The result seemed so much like a promotional infomercial that Travelers United, a consumer advocacy group, is suing Ms. Noem for misleading advertising, claiming she was effectively acting as a travel influencer. Vanity Fair wrote that the whole exercise was “blowing up in her face.”

Except for one thing. The teeth story is about a lot more than teeth.

As the race to be Donald J. Trump’s running mate heats up, Ms. Noem’s new smile reflects a tactical move that has as much to do with politics and psychology as it does with appearance.

“It’s all about her appeal to an audience of one,” Ron Bonjean, a Republican strategist, said. “The whole teeth thing almost looks like it was done for Trump to see. She is showing him she works well in front of the camera, that she has that star power he wants onstage with him, while fitting into the mode of women in the Trump universe.”

Mr. Trump was, after all, the president who often identified his staff members, especially members of the military, as coming from “central casting.” He now dresses almost entirely in the colors of the American flag. He once announced that women should “dress like women” — and, as Richard Thompson Ford, a law professor at Stanford University and the author of “Dress Codes: How the Laws of Fashion Made History,” said, “We know what that means to him.” It is reflected in the profile of almost every woman in the Trump orbit, including his family members and his former press secretary Kayleigh McEnany.

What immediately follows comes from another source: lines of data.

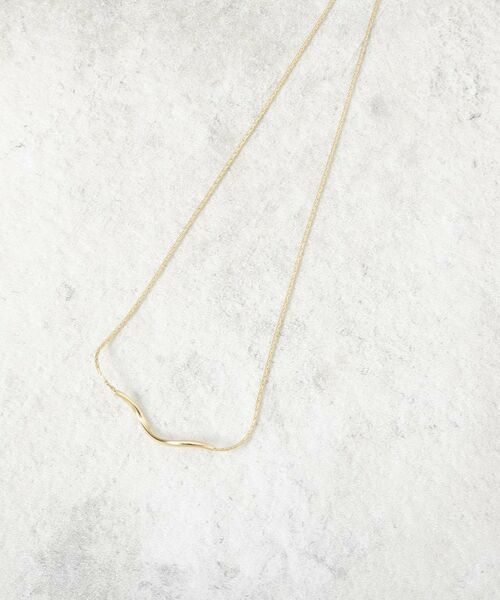 OPAQUE.CLIP / オペーク ドット クリップ ネックレス・ペンダント・チョーカー | 2WAY ニュアンスバーネックレス | 詳細1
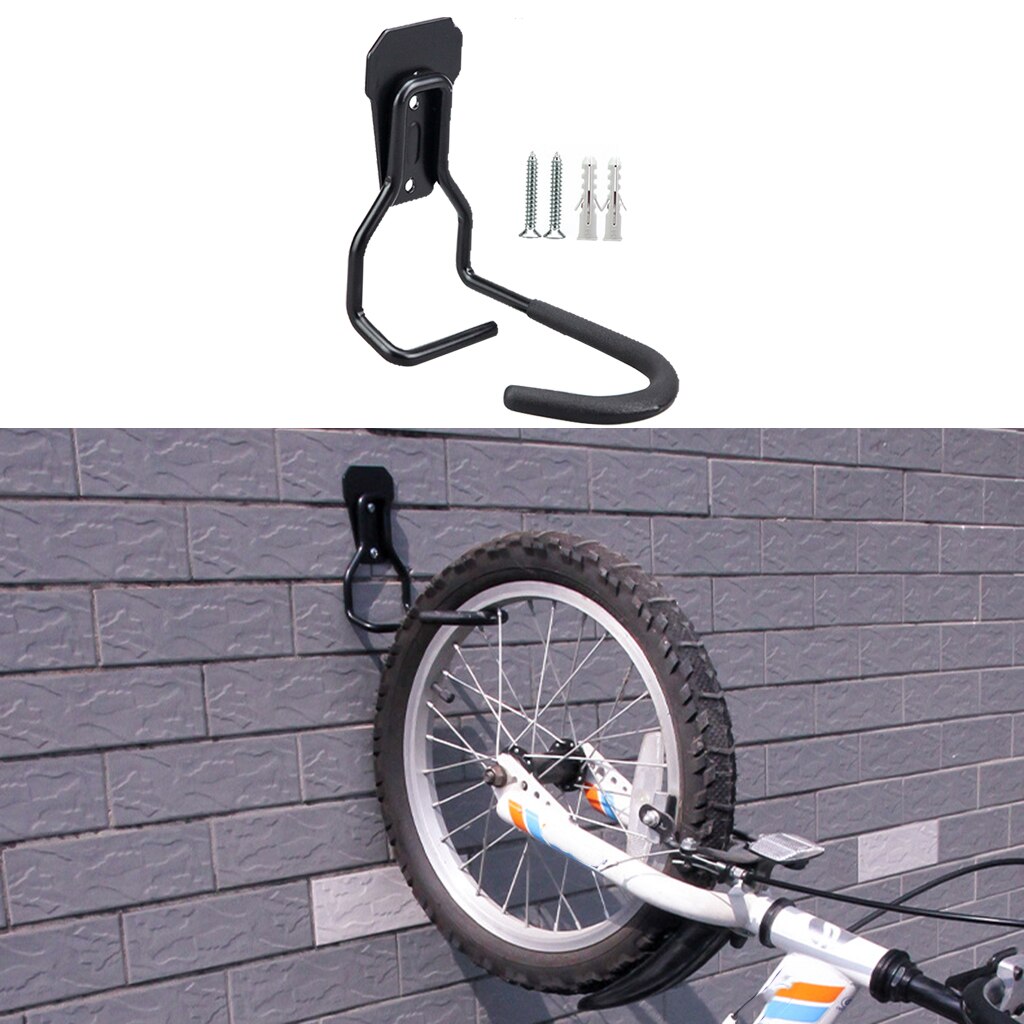 Bike Hook Wall Mounted Vertical Rack Space Saver Bicycle Hook Hanger Storage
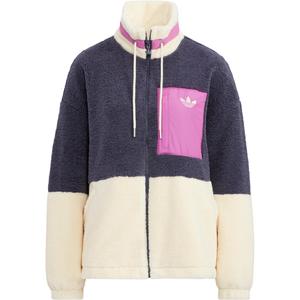 Adidas Originals Короткая куртка Sherpa для женщин Multicolor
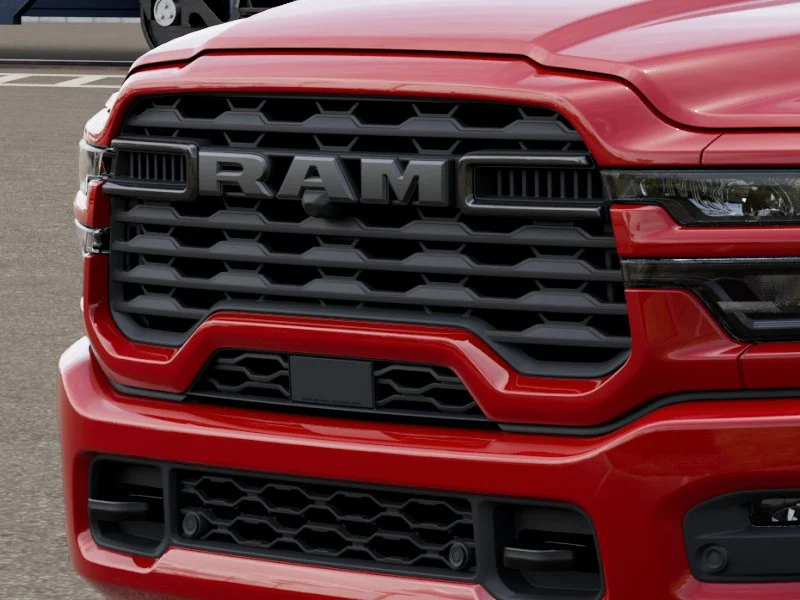 New 2026 Flame Red Clear-Coat Exterior Paint RAM BIG HORN image 11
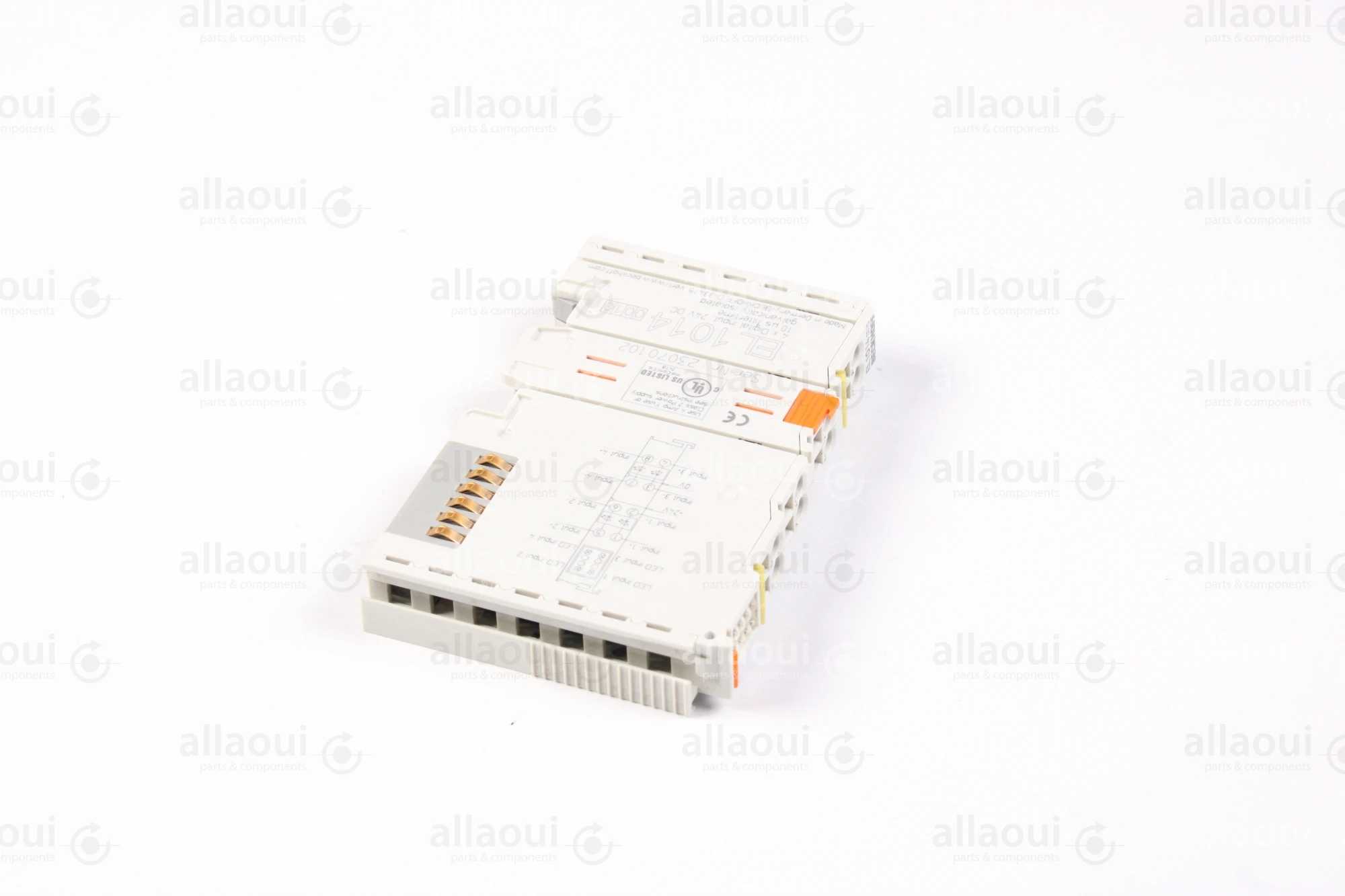 Beckhoff 4-Channel-Digital-Input-Clamp EL1014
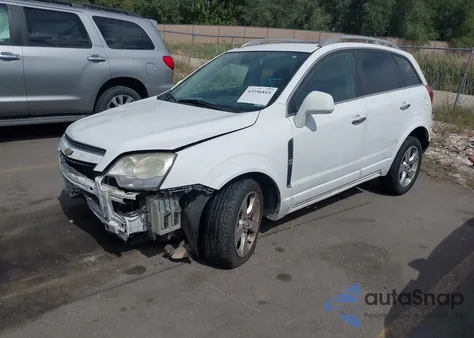 2013 Chevrolet Captiva Sport Ltz из США, поврежденный, VIN 3GNAL4EK4DS566827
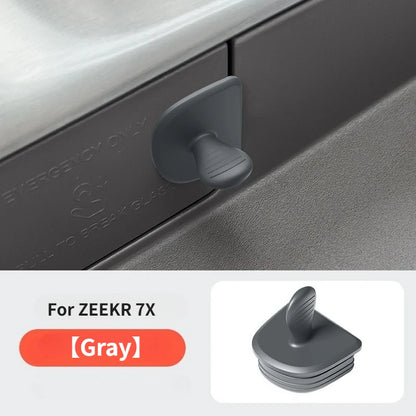Zeekr 7X 25-26 Car Glass Door Panel Anti-pull Silicone Plug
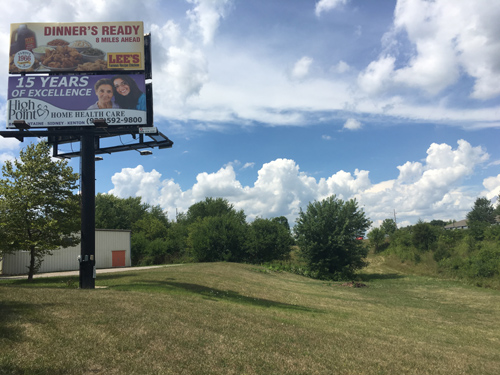 LOGAN COUNTY BILLBOARD billboard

In this, Ms. Noem’s dental upgrade is simply the most recent step in what appears to be a yearslong makeover that has transformed her, more than any other woman on Mr. Trump’s shortlist, into what Samantha N. Sheppard, a professor of cinema and media studies at Cornell University, called “the perfect ornament for Trump.” Even beyond her popularity and credentials as a governor, and her MAGA platform, she offers an example of a certain kind of “Miss America-like white femininity,” Ms. Sheppard said, also reflected in Fox News anchors and that involves cascading hair, extensive eyelashes and a blinding smile.

How does Mr. Trump know she’s part of his team? All he has to do is look.

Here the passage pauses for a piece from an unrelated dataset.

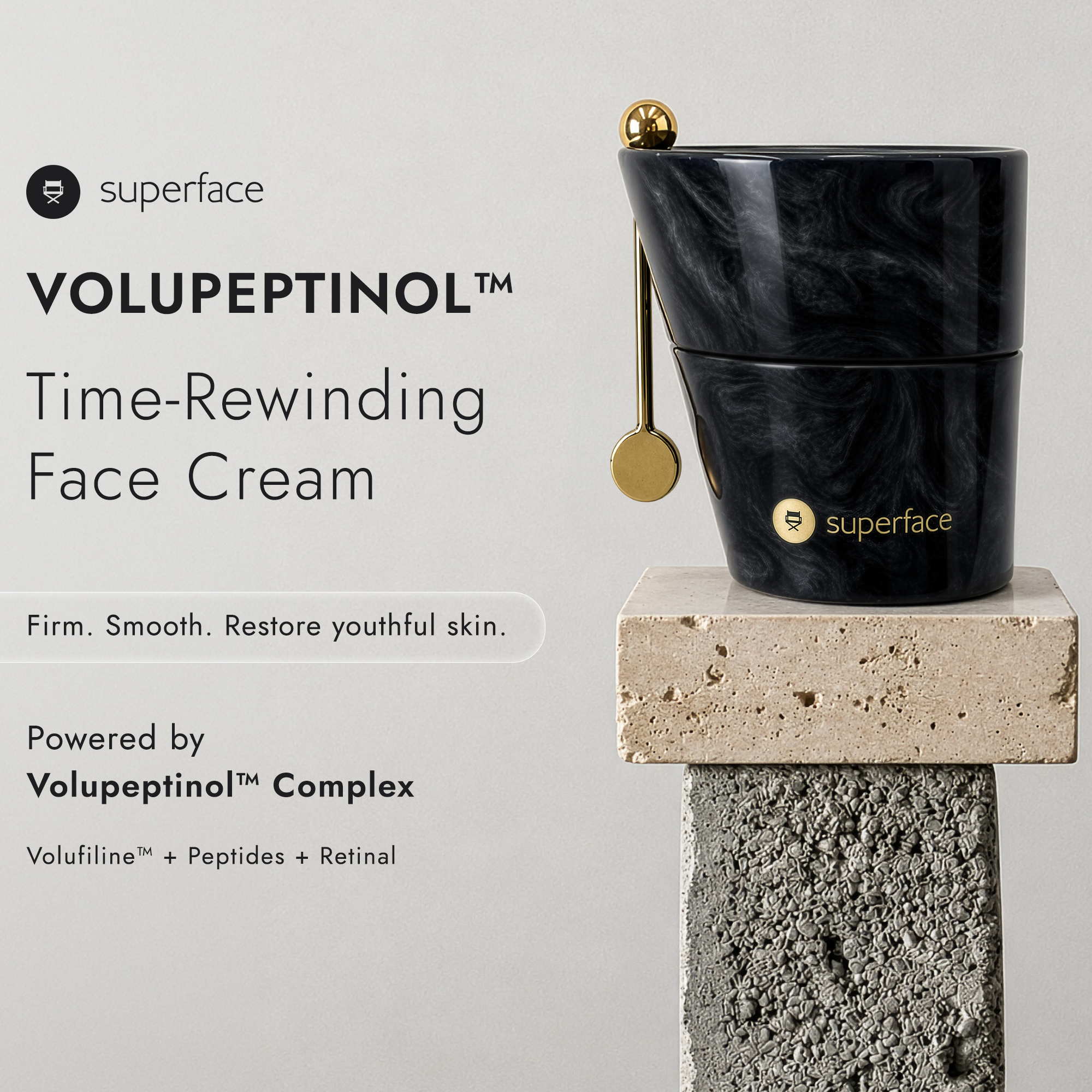 MICRO DROPLET VOLUPEPTINOL™ TIME REWINDING ELIXIR CREAM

The story is told in the imagery. Back in 2010, when she was first running for Congress, Ms. Noem had a haircut that looked like a cross between “the Rachel,” the layered, straightened haircut Jennifer Aniston made famous on “Friends,” and the power bob favored by Hillary Clinton and Nancy Pelosi. When she won re-election in 2012, she had chopped it into a short look that Ms. Sheppard compared to the signature haircut of Kate Gosselin from “Jon & Kate Plus 8,” albeit slightly more corporatized.

After Mr. Trump won the presidency and the MAGA movement took off, Ms. Noem adopted a new look. Her hair got longer and longer, with tousled waves kissed by the curling iron, her part moved to the center. She began to resemble a doppelgänger for Kimberly Guilfoyle, Donald Trump Jr.’s fiancée. Or a dark-haired version of Lara Trump, Eric Trump’s wife and the new co-chair of the Republican National Committee. Even Ms. Noem’s clothes changed, from the khaki shirtdress she wore to CPAC in 2011 to the bright blue sheath she chose for her State of the State address this year.

There is no better example of her transformation than the cover photo on her new book, “No Going Back: The Truth on What’s Wrong with Politics and How We Move America Forward,” which features a portrait of Ms. Noem with lips glossed, eyelashes thick and one hand seemingly playing with her wavy locks as she sits in her desk chair in a blazer and dress before the American flag.

“She practically looks like a member of the Trump family,” Mr. Bonjean said. “Maybe a cousin.”

And while her Trumpification could be a coincidence, Ms. Noem has revealed herself to be sensitive to the effects and uses of costuming, as seen in recent ads in which she dressed up as a dental hygienist, an electrician and a highway patrolman, the better to convey the idea that “South Dakota is hiring.” (“We have over 20,000 open jobs,” she says in one ad. Plus no individual income tax!)

“It’s absolutely strategic,” Mr. Ford said. Ms. Noem is “signaling that she’s going to be Trump’s kind of woman. And, at the same time, that she isn’t going to challenge him.”

This approach to political image-making has its roots in the pantomimed femininity of Phyllis Schlafly and Sarah Palin, where the promise of a powerful woman was defanged by her participation in the pageantry of traditional gender cosplay.

The teeth simply finish the picture, as does the fact that Ms. Noem used the opportunity to talk up the dentist who did the procedure. If anyone would recognize the value of using power to push product it is Mr. Trump himself. And perhaps, in doing so, recognize a kindred spirit.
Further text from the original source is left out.